Tuesday, March 18, 2008

In thinking about the use of captions I realize that I had forgotten an early influence on my photography, which affected me before I left for Mexico in 1953 -- Wright Morris' book The Inhabitants (1946). Morris was a novelist first, a photographer second, but a good one. On a fellowship he traveled in 1940 the depression-broken Midwest, shooting abandoned homes and farmsteads, and in his book each photograph was accompanied by a full page of imagined conversation or interior monologue by the departed inhabitants.

The photographs were good. But the combination of words and picture was especially evocative. The words made me dwell on the photograph and see it better. It was an approach Morris hoped to carry on, but after a couple of such "photo-texts" (his name for them) his publisher told him there was no market for them, so he just wrote novels, for which he won awards and became famous.

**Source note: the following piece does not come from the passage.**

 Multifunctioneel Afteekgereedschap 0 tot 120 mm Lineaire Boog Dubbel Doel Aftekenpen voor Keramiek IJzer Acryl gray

Szarkowski at MOMA championed Morris' photography and gave him an exhibition there, and there was a retrospective of his photography at SF MOMA in 1996, I believe. I received one of his original 8 by 10 prints from the anthropologist Dorothy Lee, who knew him, in the early sixties but never again saw The Inhabitants until my daughter gave me a copy 2004. Clearly this, along with The Family of Man, were major influences on my views of photographic art. Words were always involved.